JeettNews, Denpasar | Bali selama ini dikenal dunia karena alamnya yang indah, budayanya yang kuat, dan keramahan masyarakatnya. Namun di balik pesona itu, Pulau Dewata juga menghadapi persoalan yang semakin terasa setiap tahun, mulai dari kemacetan, polusi kendaraan, hingga tingginya ketergantungan terhadap bahan bakar minyak (BBM).
Kini, perubahan besar mulai mengetuk pintu Bali. Kehadiran kendaraan listrik yang semakin masif diyakini akan mengubah wajah transportasi dan pariwisata dalam beberapa tahun ke depan. Pertanyaannya, apakah masyarakat lokal akan menjadi pelaku utama atau justru hanya menjadi penonton di rumah sendiri?
Pertanyaan itu mengemuka dalam peluncuran kendaraan listrik VinFast VF 7 dan Limo Green yang dibawa PT Sentrik Mobilindo di Denpasar, Sabtu (30/5/2026). Tidak hanya memperkenalkan kendaraan ramah lingkungan, perusahaan tersebut juga menyampaikan rencana membangun kolaborasi dengan platform transportasi digital berbasis desa adat, Tri Hita Trans.

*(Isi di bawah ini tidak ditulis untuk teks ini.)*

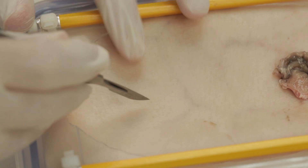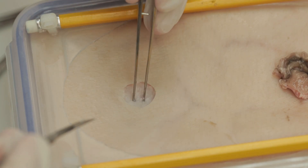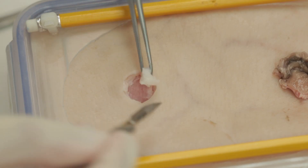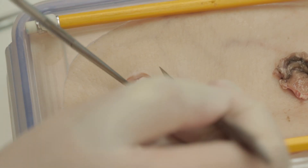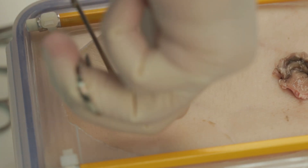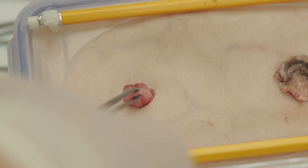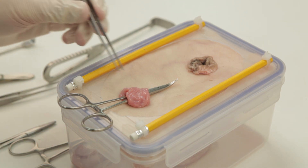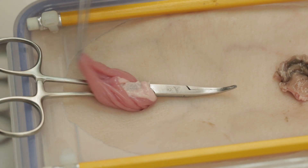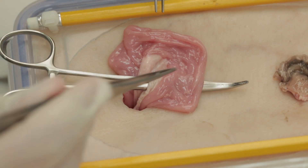To form an ileostomy, a similar approach is taken for the dissection. A circular incision is made and a disc of subcutaneous fat is dissected out. The muscular layer is dealt with in a similar manner, and an atraumatic bowel clamp should be used to deliver the ileum onto the abdominal wall. Again, for the purposes of simulation, we have used an Alice clamp, which should never be used on a patient. Once you have delivered the small bowel, inspect it to make sure it's not twisted around its mesentery and that the efferent and afferent limbs are clear.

Kolaborasi ini dinilai menarik karena tidak hanya berbicara soal teknologi, tetapi juga menyangkut masa depan ekonomi masyarakat Bali.
Selama ini, perkembangan teknologi transportasi sering kali memunculkan kekhawatiran di kalangan sopir lokal. Banyak yang merasa tersisih oleh sistem yang berkembang begitu cepat. Karena itu, ketika kendaraan listrik mulai masuk ke Bali, harapan masyarakat sederhana, kemajuan teknologi harus bisa dinikmati bersama.
Pengamat Transportasi Bali, I Gde Wayan Samsi Gunarta, menilai masuknya kendaraan listrik merupakan sesuatu yang tidak bisa dihindari.
Menurut mantan Kepala Dinas Perhubungan Provinsi Bali tersebut, dunia pariwisata saat ini sedang bergerak menuju konsep yang lebih ramah lingkungan.
“Kalau kita melihat perkembangan dunia, hampir semua destinasi wisata besar mulai mengurangi ketergantungan terhadap kendaraan berbahan bakar fosil. Wisatawan sekarang juga semakin peduli terhadap lingkungan,” ujarnya usai menghadiri peluncuran kendaraan listrik tersebut.

Ia mengatakan Bali perlu menyambut perubahan itu dengan cara yang tepat. “Bukan soal menolak atau menerima, tetapi bagaimana mengelolanya agar memberikan manfaat untuk Bali. Itu yang paling penting,” katanya.
Samsi mengingatkan bahwa kendaraan listrik bukan sekadar tren sesaat. Dalam beberapa tahun mendatang, kendaraan jenis ini diperkirakan akan menjadi pilihan utama di banyak negara. Karena itu, Bali harus mulai mempersiapkan diri sejak sekarang.
Namun ia menegaskan, transformasi menuju transportasi ramah lingkungan tidak boleh mengorbankan pelaku usaha lokal yang selama ini menggantungkan hidup dari sektor transportasi wisata. “Saya berharap perusahaan yang masuk ke Bali tidak datang hanya untuk berjualan kendaraan. Mereka juga harus membantu masyarakat beradaptasi. Sopir lokal, koperasi transportasi, dan pelaku usaha kecil harus diajak bersama-sama,” tegasnya.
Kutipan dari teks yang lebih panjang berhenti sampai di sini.